== Segment start ==

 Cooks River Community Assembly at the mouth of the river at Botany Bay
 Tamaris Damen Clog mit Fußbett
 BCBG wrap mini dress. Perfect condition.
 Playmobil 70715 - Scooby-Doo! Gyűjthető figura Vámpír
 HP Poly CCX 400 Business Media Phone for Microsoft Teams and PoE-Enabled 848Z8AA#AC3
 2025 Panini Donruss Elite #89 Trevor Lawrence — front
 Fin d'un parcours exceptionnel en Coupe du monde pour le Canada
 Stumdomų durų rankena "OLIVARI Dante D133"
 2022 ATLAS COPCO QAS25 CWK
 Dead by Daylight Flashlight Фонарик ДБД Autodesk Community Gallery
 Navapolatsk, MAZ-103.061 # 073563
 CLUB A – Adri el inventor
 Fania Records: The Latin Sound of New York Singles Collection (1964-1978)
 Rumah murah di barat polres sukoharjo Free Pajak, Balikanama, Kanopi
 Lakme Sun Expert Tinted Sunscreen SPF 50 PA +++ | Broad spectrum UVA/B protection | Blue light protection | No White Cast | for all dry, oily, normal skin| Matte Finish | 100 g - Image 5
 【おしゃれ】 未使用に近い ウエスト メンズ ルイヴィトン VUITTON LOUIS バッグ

== Segment end ==

**TASK DIRECTIONS:** Produce a word-for-word copy of everything above from the line holding "Tamaris Damen Clog mit Fußbett" down to the line holding "Fania Records: The", with both of those lines kept.

**PROBLEM SOLUTION:**
 Tamaris Damen Clog mit Fußbett
 BCBG wrap mini dress. Perfect condition.
 Playmobil 70715 - Scooby-Doo! Gyűjthető figura Vámpír
 HP Poly CCX 400 Business Media Phone for Microsoft Teams and PoE-Enabled 848Z8AA#AC3
 2025 Panini Donruss Elite #89 Trevor Lawrence — front
 Fin d'un parcours exceptionnel en Coupe du monde pour le Canada
 Stumdomų durų rankena "OLIVARI Dante D133"
 2022 ATLAS COPCO QAS25 CWK
 Dead by Daylight Flashlight Фонарик ДБД Autodesk Community Gallery
 Navapolatsk, MAZ-103.061 # 073563
 CLUB A – Adri el inventor
 Fania Records: The Latin Sound of New York Singles Collection (1964-1978)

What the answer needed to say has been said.